Нагнулся боярин и попятился задом к дверям.
ОТЕЦ, МАТЬ И СЫН
Иван Федорович Овчина пришел в монастырь тайно. Поменял свой золоченый кафтан на простую рубаху и порты и перехожим бродягой постучался в ворота.
– Сестра божья, смилостивись надо мной, не оставь без пристанища. Тати да душегубцы в ночи шастают, того и гляди живота лишат, – жалился странник.
– Ой, господи, – раздался робкий голос за высокими стенами, – игумен у нас дюже строгий. Да уж ладно, проходи, не оставлять же христианскую душу на погибель.
Скрипнули ворота, и Оболенский углядел потупленные очи хорошенькой монахини.
– Спасибо, сестра. Пожелал бы тебе жениха доброго, так богохульником не хочу прослыть.
– Был у меня жених, – кротко отвечала старица.
И в тишайших глазах молодой вратницы Иван Федорович увидел столько черной кручины, сколько не доводилось зреть даже у вдовьих баб.
– Вот оно что, – только и сумел ответить князь.
– Во двор ты не проходи, для странников мы избу держим подле ворот. Наши старицы с миром не знаются, да и строго у нас! А краюху хлеба с молоком я тебе принесу. Ступай за мной, добрый молодец.
Изба была невелика, но в сравнении с кельями выглядела хоромами. Внутри скупо: напротив двери огромный медный крест, жесткая кровать у стены, на скамье оплывший восковой огарок.
– Отдыхай, добрый человек, а с рассветом будь добр покинуть божью обитель, – услышал он суровый наказ старицы.
Едва вратница ушла, Иван Овчина вышел во двор. Постоял малость, вслушиваясь в монастырскую тишину, а потом прямиком зашагал к келье Соломонии.
Дверь, по велению монастырского устава, оставалась незапертой, и через узенькую щель пробивался тускло-желтый свет.
Постоял малость Овчина, а потом, крестясь, отворил дверцу.

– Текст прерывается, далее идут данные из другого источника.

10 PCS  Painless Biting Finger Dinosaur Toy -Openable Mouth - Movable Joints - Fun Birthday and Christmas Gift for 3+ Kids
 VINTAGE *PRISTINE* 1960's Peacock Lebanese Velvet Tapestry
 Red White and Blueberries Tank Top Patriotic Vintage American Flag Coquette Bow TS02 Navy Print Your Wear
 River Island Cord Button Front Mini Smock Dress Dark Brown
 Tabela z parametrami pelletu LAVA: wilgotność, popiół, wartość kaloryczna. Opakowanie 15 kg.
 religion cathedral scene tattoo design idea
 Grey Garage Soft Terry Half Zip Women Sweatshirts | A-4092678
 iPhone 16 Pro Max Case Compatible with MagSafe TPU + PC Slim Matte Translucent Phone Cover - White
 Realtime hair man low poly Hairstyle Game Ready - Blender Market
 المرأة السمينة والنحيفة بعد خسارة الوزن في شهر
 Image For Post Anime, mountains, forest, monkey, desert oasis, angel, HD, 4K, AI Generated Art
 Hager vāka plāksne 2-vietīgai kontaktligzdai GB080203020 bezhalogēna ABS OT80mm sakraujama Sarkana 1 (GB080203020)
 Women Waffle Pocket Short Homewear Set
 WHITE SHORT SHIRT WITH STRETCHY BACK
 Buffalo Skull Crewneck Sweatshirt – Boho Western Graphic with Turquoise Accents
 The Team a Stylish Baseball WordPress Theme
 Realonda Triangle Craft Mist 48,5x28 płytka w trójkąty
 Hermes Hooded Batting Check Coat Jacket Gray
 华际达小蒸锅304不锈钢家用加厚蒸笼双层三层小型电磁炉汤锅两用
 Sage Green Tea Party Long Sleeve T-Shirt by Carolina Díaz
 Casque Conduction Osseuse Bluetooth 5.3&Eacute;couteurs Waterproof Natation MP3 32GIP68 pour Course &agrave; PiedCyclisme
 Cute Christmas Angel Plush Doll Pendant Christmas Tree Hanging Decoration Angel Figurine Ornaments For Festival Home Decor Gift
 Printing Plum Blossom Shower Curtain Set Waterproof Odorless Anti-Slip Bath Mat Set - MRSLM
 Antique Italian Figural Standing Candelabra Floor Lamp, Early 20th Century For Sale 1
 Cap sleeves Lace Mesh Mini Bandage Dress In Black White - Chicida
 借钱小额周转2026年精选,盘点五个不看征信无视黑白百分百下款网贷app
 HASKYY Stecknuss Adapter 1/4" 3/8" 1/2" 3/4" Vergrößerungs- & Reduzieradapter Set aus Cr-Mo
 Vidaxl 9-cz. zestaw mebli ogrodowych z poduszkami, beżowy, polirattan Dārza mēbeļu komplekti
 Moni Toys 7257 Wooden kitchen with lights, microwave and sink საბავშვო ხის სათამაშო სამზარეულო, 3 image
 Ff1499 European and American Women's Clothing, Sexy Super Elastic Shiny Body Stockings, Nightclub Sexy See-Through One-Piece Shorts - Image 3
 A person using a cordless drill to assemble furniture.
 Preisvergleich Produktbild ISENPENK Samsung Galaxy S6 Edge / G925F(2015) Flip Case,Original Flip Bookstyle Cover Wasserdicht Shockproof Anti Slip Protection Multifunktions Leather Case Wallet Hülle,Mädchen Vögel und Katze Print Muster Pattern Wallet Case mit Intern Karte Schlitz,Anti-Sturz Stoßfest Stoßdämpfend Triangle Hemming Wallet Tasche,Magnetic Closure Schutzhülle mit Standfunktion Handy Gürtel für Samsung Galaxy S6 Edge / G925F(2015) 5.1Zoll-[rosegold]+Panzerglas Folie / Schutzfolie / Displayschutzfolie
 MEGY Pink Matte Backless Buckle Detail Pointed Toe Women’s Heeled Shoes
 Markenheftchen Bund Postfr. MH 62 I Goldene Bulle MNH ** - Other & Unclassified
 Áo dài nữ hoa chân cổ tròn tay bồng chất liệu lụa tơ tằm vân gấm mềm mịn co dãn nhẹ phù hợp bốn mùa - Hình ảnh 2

Срамно было видеть Соломонию в монашеской келье. Более двадцати лет баба проживала в великолепии, о каком, поди, не помышляли даже фараоны, и злата на ее руках было больше, чем на платьях византийских цариц. Ее охраняли, как сокровищницу турецкого султана, и оберегали, как нетленную длань Иоанна Крестителя, и даже на выездах по монастырям великую княгиню сопровождала дружина до полутора тысяч всадников. Московиты же, встречая ее экипаж, падали ниц и не поднимали голов до тех пор, пока вдали не утихало громыхание подвязанных к днищу цепей.